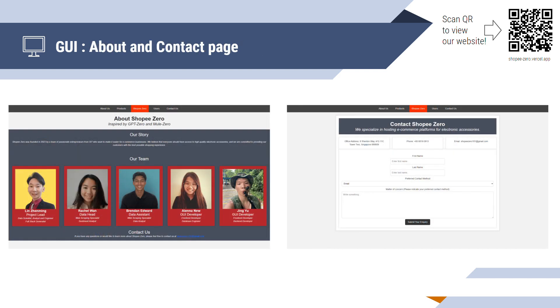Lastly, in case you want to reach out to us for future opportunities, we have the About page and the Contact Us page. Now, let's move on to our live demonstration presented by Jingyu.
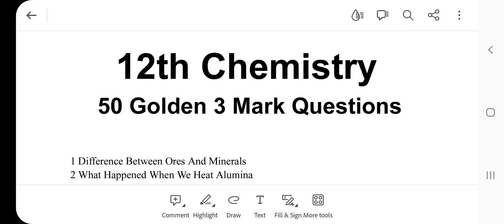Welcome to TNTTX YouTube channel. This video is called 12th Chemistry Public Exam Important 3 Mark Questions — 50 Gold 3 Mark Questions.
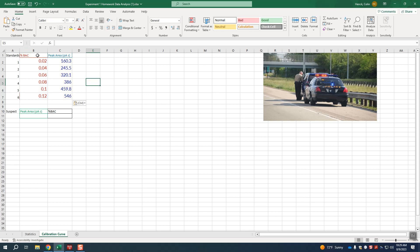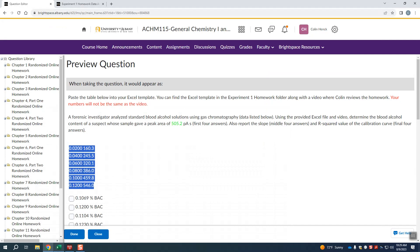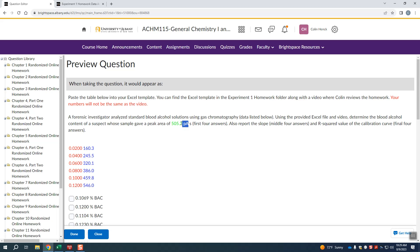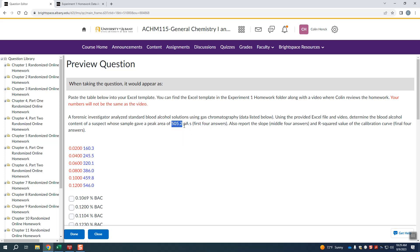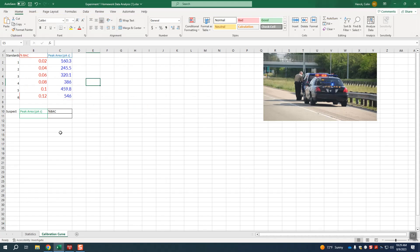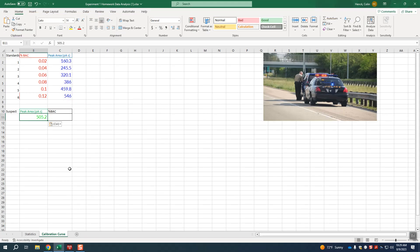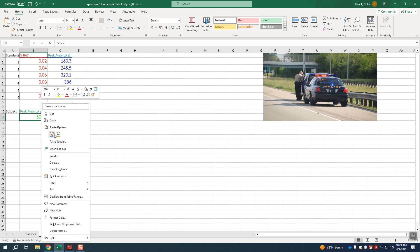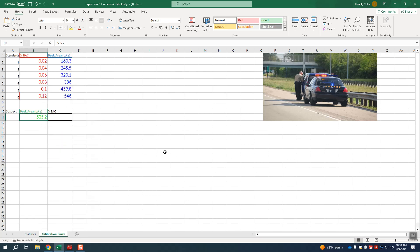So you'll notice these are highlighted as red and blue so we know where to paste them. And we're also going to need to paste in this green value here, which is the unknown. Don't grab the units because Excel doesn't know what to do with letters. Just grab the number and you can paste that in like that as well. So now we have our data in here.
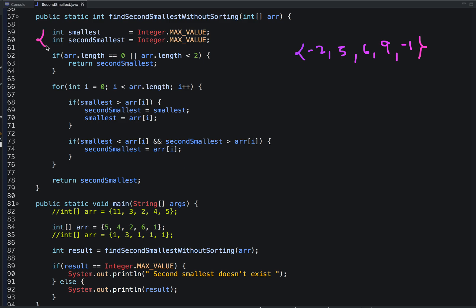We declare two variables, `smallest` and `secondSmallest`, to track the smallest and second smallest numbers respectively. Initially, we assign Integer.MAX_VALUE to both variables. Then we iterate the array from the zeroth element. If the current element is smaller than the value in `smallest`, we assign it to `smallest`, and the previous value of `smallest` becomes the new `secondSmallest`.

- _What this task involves_:
Line by line, write out the material above exactly, with no images.

- _Result of this task_:
Lastly, in case you want to reach out to us for future opportunities, we have the About page and the Contact Us page. Now, let's move on to our live demonstration presented by Jingyu.
Welcome to TNTTX YouTube channel. This video is called 12th Chemistry Public Exam Important 3 Mark Questions — 50 Gold 3 Mark Questions.
So you'll notice these are highlighted as red and blue so we know where to paste them. And we're also going to need to paste in this green value here, which is the unknown. Don't grab the units because Excel doesn't know what to do with letters. Just grab the number and you can paste that in like that as well. So now we have our data in here.
We declare two variables, `smallest` and `secondSmallest`, to track the smallest and second smallest numbers respectively. Initially, we assign Integer.MAX_VALUE to both variables. Then we iterate the array from the zeroth element. If the current element is smaller than the value in `smallest`, we assign it to `smallest`, and the previous value of `smallest` becomes the new `secondSmallest`.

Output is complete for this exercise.